**TASK ITEM**
Every line below is to be given again precisely; images are to be left out.

**RECORDS FOR THIS TASK**
┏━━
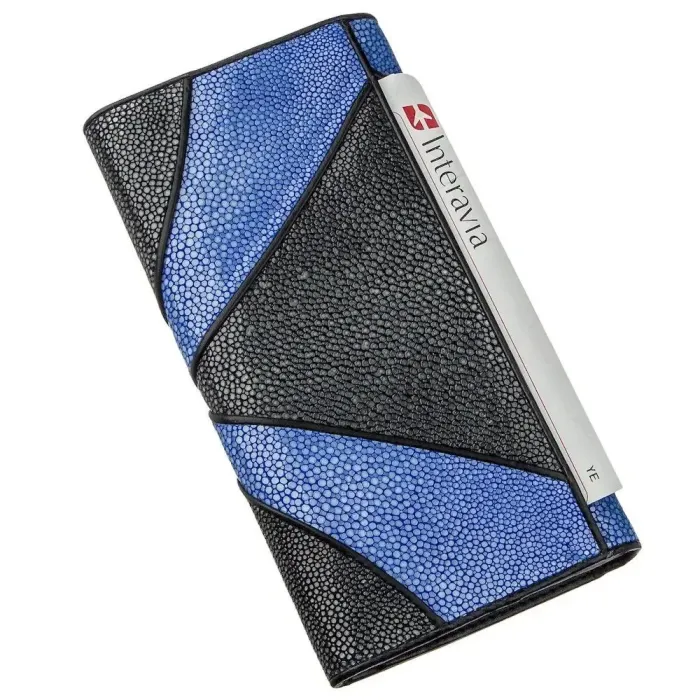 Гаманець жіночий з натуральної шкіри морського схилу з синіми смужками STINGRAY LEATHER 18653 Чорний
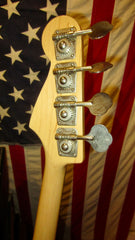 1990 Fender Fretless Jazz Bass Black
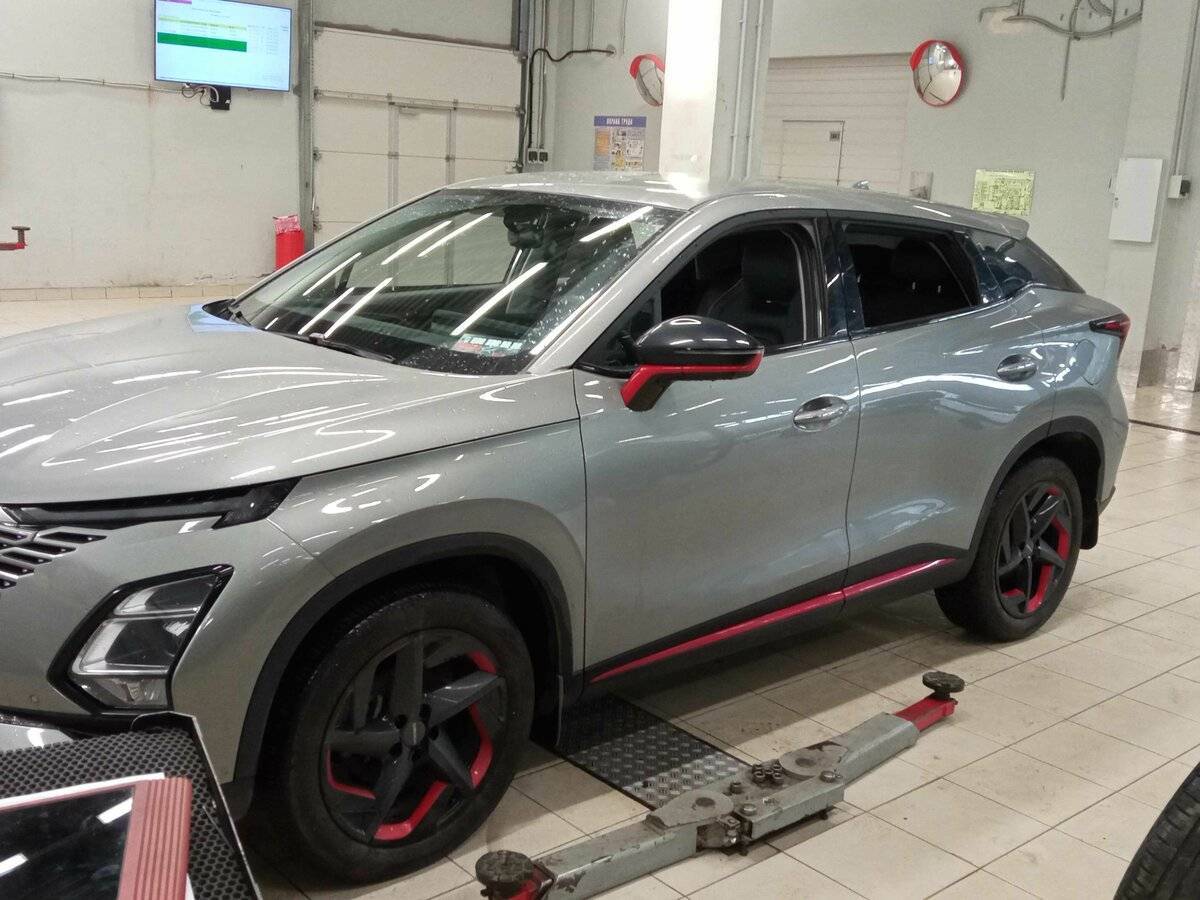 OMODA C5 2023 года с пробегом. Посмотреть фото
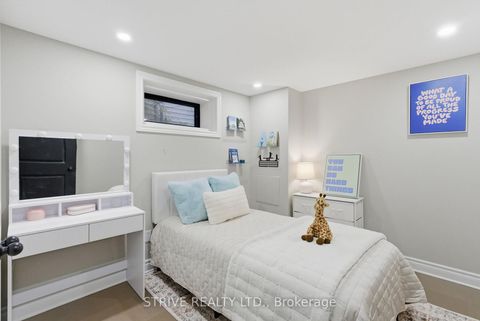 Photo 40 at 107 Cromwell Avenue, Vanier, Oshawa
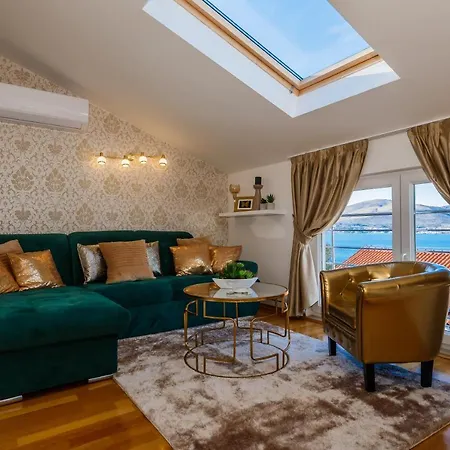 La Perla Apartment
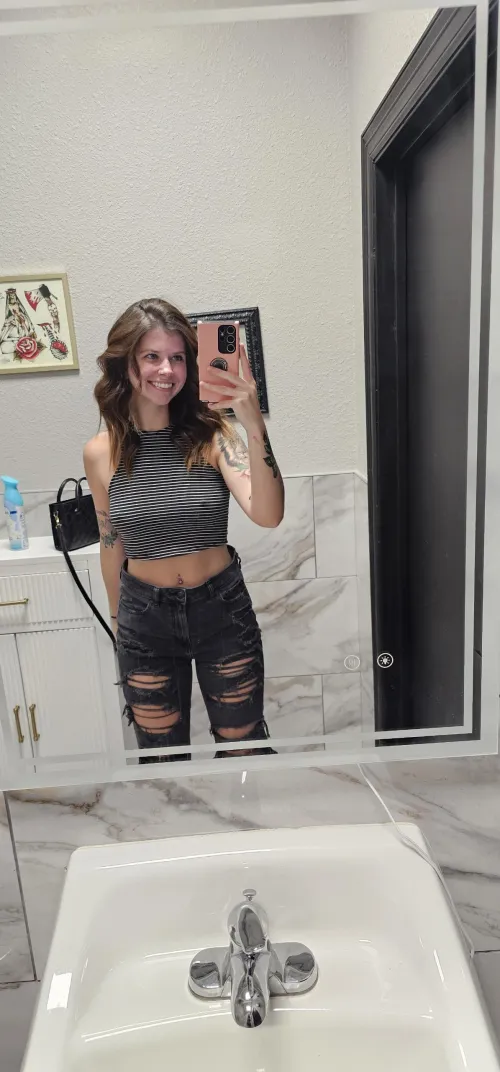 Thumbnail Young_Fun Feels Himself in Bold Mirror Selfie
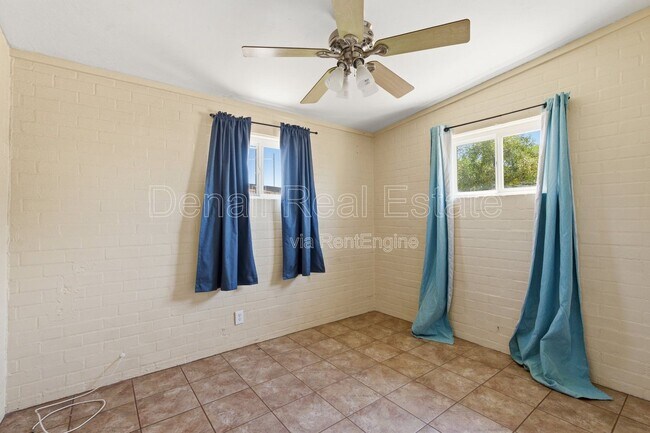 Building Photo - 3226 E Bermuda St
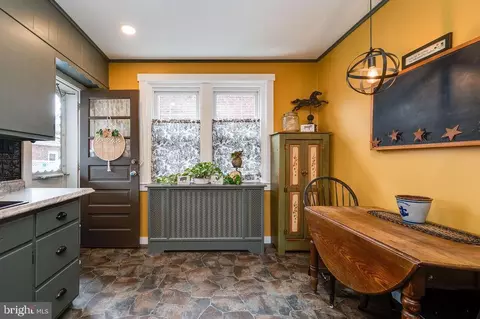 Entry Way - 1532 Fayette Ave, Reading, PA 19607 photo 3 of 3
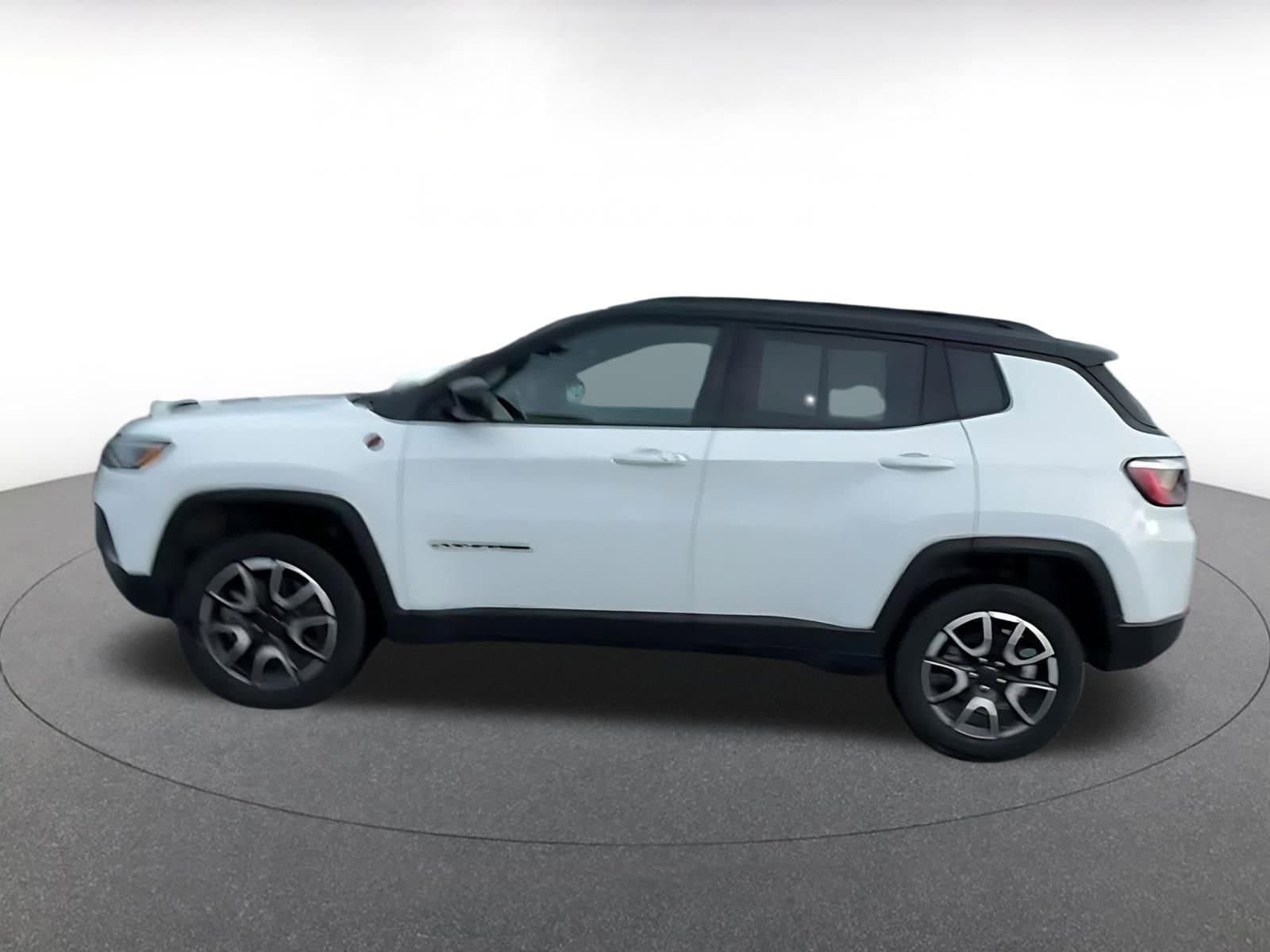 Thumbnail: 2025 Jeep Compass - 8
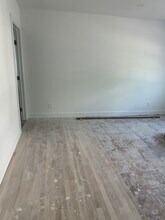 69 Cos Cob Ave in Greenwich, CT - Building Photo - Building Photo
┗━━
**RESPONSE TO THIS TASK**
 Гаманець жіночий з натуральної шкіри морського схилу з синіми смужками STINGRAY LEATHER 18653 Чорний
 1990 Fender Fretless Jazz Bass Black
 OMODA C5 2023 года с пробегом. Посмотреть фото
 Photo 40 at 107 Cromwell Avenue, Vanier, Oshawa
 La Perla Apartment
 Thumbnail Young_Fun Feels Himself in Bold Mirror Selfie
 Building Photo - 3226 E Bermuda St
 Entry Way - 1532 Fayette Ave, Reading, PA 19607 photo 3 of 3
 Thumbnail: 2025 Jeep Compass - 8
 69 Cos Cob Ave in Greenwich, CT - Building Photo - Building Photo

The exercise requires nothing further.